[Data for the task — start]
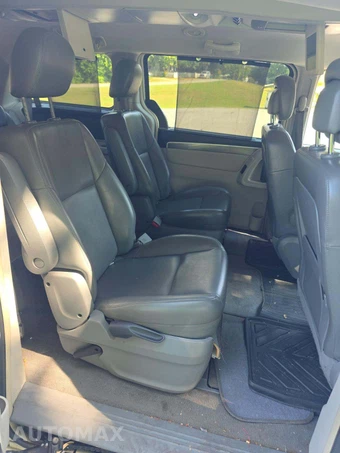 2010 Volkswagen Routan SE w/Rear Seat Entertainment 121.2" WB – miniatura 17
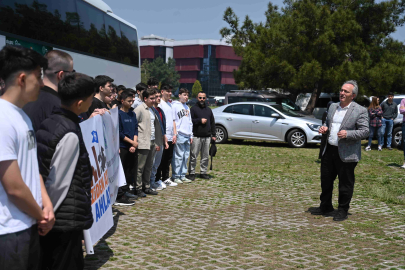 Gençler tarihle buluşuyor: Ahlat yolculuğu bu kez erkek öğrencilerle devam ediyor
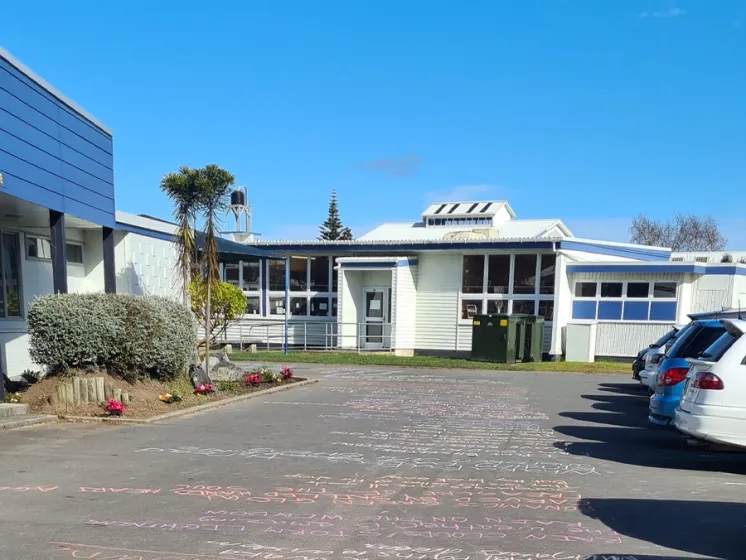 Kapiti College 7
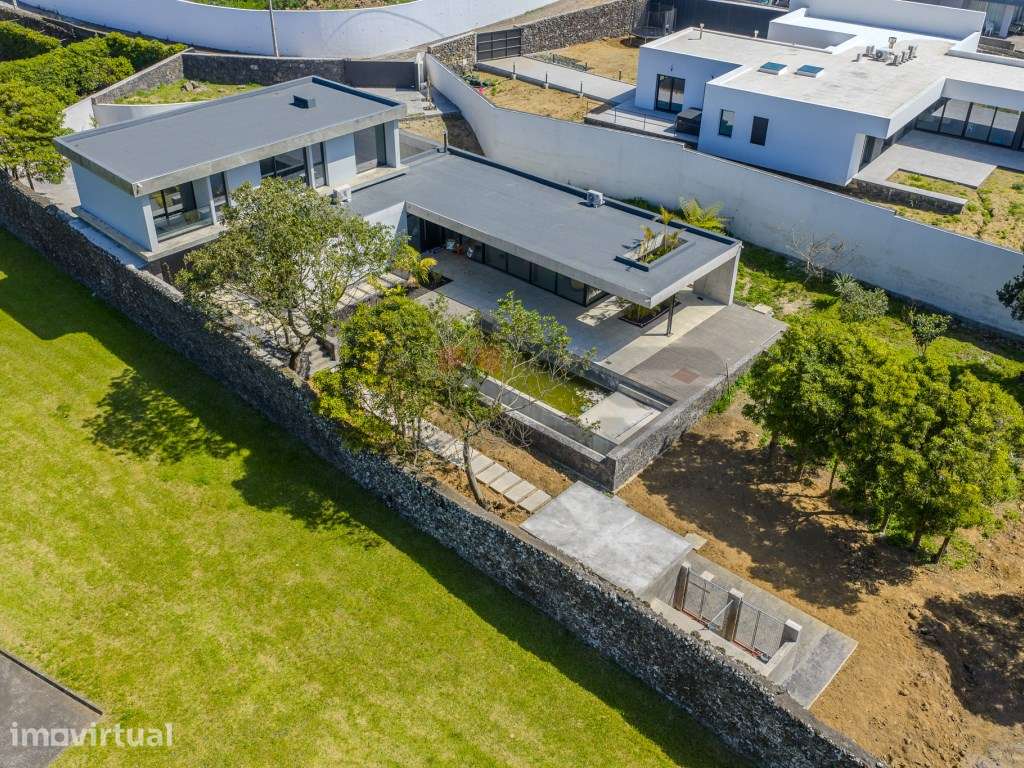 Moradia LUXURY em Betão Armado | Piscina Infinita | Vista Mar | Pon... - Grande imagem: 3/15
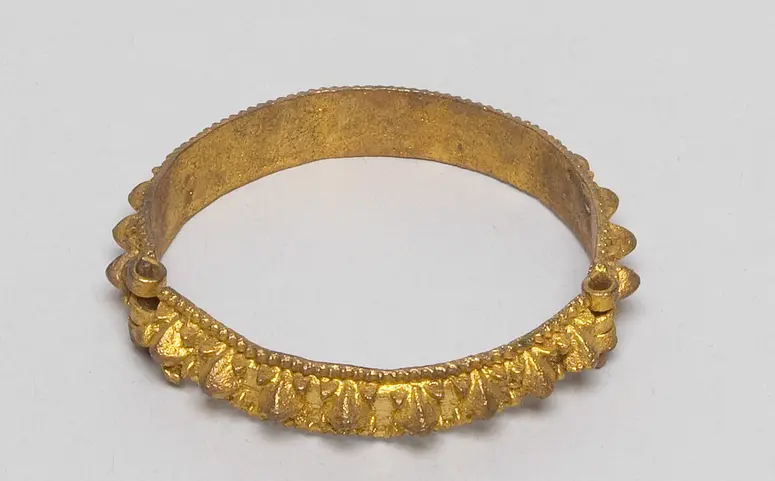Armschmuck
[Data for the task — finish]
[Data for the task — start]
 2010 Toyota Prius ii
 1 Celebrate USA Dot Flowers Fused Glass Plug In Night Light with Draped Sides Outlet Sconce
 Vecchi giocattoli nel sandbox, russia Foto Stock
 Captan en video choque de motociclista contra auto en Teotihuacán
[Data for the task — finish]
- [Try it]:
Copy out only the lines above from the one with "1 Celebrate USA" to the one with "Captan en video", inclusive, exactly as they stand.

- [The answer]:
 1 Celebrate USA Dot Flowers Fused Glass Plug In Night Light with Draped Sides Outlet Sconce
 Vecchi giocattoli nel sandbox, russia Foto Stock
 Captan en video choque de motociclista contra auto en Teotihuacán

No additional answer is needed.